Now, the city will get direct access to its casino revenues—money Orr says is crucial to Detroit’s restructuring in bankruptcy. The city will pay the banks $4.2 million a month until 2015.
This was the city’s third attempt to settle the matter. Judge Rhodes had rejected two previous settlement offers as overly-generous to the banks.
Some creditors, including a major bond insurer and a committee representing city retirees, objected to the deal.
They argued that the underlying financial transaction was illegal to begin with. And they said state law prohibited using casino revenues as loan collateral.

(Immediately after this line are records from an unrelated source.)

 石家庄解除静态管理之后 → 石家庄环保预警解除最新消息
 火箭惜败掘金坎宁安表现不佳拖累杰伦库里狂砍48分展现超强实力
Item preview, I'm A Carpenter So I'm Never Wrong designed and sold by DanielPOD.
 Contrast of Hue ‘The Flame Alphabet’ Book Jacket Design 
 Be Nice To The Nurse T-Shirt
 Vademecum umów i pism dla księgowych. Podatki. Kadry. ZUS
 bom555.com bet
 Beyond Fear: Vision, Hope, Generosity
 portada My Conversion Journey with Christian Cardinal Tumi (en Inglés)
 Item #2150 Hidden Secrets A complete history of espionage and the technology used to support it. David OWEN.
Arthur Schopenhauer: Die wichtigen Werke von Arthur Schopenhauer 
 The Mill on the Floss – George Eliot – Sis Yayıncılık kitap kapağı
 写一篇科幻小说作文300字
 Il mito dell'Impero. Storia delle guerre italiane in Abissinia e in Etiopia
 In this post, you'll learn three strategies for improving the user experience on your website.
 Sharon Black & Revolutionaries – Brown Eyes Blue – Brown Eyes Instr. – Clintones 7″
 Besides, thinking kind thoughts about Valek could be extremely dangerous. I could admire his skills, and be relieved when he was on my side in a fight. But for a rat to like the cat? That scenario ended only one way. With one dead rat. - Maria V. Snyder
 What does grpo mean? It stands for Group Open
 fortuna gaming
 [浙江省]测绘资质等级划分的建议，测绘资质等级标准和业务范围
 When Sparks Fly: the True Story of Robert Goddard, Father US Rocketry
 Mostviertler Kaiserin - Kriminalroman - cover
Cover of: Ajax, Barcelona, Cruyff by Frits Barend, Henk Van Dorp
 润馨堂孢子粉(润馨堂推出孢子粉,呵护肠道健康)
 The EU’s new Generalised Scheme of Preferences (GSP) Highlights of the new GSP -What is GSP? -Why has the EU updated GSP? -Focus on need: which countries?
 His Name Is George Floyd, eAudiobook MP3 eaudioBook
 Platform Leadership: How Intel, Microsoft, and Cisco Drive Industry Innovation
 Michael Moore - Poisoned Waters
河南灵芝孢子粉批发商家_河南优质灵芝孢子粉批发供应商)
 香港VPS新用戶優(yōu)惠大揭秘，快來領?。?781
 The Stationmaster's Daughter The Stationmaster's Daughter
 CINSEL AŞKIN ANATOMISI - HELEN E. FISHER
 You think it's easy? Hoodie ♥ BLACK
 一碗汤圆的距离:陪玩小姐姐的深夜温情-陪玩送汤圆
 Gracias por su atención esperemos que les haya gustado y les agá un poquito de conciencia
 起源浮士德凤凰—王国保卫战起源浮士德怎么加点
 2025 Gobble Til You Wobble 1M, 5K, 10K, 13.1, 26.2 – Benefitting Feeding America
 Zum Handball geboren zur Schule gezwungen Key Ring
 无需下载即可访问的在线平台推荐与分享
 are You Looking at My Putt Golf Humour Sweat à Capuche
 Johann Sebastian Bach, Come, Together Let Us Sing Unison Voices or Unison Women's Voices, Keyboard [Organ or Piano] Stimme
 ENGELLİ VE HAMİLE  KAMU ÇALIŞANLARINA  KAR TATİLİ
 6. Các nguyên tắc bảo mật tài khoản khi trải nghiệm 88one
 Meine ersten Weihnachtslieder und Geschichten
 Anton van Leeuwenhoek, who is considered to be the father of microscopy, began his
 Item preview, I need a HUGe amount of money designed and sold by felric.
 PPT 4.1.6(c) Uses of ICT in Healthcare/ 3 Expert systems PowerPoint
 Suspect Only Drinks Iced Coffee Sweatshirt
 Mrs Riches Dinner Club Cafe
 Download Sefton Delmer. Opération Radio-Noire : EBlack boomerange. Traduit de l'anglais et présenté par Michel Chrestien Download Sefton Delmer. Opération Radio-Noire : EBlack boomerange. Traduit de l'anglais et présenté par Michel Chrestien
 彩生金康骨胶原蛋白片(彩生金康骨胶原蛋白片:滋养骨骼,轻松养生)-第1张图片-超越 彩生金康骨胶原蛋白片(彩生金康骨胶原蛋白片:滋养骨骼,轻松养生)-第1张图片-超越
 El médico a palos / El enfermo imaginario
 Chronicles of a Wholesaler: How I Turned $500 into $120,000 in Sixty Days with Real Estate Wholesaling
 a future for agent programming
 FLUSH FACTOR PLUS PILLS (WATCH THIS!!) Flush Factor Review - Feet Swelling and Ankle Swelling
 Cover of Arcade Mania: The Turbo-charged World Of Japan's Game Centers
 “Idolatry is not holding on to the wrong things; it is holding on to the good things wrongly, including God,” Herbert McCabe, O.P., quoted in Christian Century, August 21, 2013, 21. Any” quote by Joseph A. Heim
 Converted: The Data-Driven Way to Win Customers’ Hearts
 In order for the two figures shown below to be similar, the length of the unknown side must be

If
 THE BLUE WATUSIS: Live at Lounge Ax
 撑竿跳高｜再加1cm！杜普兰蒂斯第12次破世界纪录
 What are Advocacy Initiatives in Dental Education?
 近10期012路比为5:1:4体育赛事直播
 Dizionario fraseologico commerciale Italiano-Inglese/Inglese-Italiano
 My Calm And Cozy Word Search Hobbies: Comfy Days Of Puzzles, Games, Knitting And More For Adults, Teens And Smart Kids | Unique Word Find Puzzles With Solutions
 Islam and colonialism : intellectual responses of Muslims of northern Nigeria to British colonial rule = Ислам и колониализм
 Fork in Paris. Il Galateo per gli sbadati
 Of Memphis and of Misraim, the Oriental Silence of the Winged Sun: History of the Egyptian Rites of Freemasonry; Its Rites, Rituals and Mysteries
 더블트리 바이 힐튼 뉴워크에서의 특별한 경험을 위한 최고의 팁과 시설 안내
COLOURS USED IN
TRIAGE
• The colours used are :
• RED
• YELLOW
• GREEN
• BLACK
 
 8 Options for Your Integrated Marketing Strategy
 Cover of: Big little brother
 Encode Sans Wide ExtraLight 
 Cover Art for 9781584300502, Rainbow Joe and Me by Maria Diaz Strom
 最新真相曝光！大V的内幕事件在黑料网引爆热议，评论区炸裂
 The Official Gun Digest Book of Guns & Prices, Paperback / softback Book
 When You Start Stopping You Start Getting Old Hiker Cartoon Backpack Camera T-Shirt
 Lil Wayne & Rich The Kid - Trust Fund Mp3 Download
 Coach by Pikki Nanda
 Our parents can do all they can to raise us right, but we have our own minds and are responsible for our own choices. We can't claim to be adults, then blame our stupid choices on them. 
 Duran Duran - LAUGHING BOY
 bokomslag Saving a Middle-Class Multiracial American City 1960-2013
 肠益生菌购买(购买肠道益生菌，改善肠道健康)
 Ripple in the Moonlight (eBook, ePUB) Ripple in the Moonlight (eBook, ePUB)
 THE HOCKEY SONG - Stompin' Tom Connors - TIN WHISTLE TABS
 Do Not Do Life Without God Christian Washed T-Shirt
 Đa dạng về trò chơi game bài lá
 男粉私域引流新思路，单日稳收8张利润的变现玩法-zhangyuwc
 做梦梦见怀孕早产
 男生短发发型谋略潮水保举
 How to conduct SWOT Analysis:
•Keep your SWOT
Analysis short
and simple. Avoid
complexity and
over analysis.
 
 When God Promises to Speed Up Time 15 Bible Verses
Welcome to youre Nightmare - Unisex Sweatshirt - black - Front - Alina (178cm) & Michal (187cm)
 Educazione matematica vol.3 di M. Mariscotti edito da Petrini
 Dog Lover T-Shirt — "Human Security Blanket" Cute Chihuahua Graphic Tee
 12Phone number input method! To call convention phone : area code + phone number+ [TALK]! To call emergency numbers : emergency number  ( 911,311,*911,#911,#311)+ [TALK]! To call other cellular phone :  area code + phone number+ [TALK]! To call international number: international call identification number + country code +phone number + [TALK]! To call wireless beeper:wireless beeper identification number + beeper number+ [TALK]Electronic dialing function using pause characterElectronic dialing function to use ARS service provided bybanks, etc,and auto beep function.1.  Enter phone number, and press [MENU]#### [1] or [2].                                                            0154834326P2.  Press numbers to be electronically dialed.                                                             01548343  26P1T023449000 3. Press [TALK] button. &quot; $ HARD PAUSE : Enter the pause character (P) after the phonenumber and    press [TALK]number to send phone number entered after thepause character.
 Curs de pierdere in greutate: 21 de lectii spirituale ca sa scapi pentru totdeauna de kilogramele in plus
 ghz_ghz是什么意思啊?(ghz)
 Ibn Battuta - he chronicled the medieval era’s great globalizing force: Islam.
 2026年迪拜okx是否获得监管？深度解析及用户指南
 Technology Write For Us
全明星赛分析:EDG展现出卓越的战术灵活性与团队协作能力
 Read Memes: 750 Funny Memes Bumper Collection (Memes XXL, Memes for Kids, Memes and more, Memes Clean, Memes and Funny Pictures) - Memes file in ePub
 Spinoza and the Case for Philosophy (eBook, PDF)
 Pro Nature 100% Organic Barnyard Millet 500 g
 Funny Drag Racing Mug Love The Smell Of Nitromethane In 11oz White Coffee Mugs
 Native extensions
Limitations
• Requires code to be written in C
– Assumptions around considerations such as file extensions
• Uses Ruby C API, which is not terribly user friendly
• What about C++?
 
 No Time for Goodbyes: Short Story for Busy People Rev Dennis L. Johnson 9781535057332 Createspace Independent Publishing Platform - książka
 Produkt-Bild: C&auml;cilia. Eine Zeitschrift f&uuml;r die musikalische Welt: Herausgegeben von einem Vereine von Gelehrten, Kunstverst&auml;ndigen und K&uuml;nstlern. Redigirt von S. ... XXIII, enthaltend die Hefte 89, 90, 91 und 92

But Doug Bernstein, a bankruptcy attorney with the law firm Plunkett Cooney, says Judge Rhodes was right to reject those arguments.
Bernstein says it essentially doesn’t matter if the underlying transactions are legally disputed.
“That’s what settlements are all about—so you don’t have to litigate. Litigation has a lot of risk,” Bernstein said, calling this deal “a prudent use of negotiation.”
In his ruling from the bench, Judge Rhodes also urged Detroit’s other creditors to settle up with the city, too.
“Now is the time to negotiate,” Rhodes said, calling for “a spirit of cooperation…[in] all out, good faith mediation.”
Rhodes also noted that in approving this settlement, the city can now pursue what’s called a “cram-down” course in the bankruptcy process.
As part of the settlement, Bank of America and UBS have agreed not to object to Detroit’s blueprint for exiting bankruptcy, formally known as a “plan of adjustment.”
That means Judge Rhodes can approve the plan of adjustment even if all other creditors object—opening the door to speed the bankruptcy process along.
Earlier this week, most of the city’s unsecured bondholders agreed to a settlement worth $287.5 million—meaning they’ll be paid off at almost 75 cents on the dollar.
That leaves Detroit retirees as by far the biggest group of creditors who have yet to reach a settlement with the city. Orr has proposed up to 34% cuts for some retirees, if they don’t settle, or vote to approve the city’s plan of adjustment.
Bernstein said Rhodes issued a clear warning with his remarks from the bench.
“Now’s the time, rather than waiting until later [to settle] when the deal may not be as good,” Bernstein said.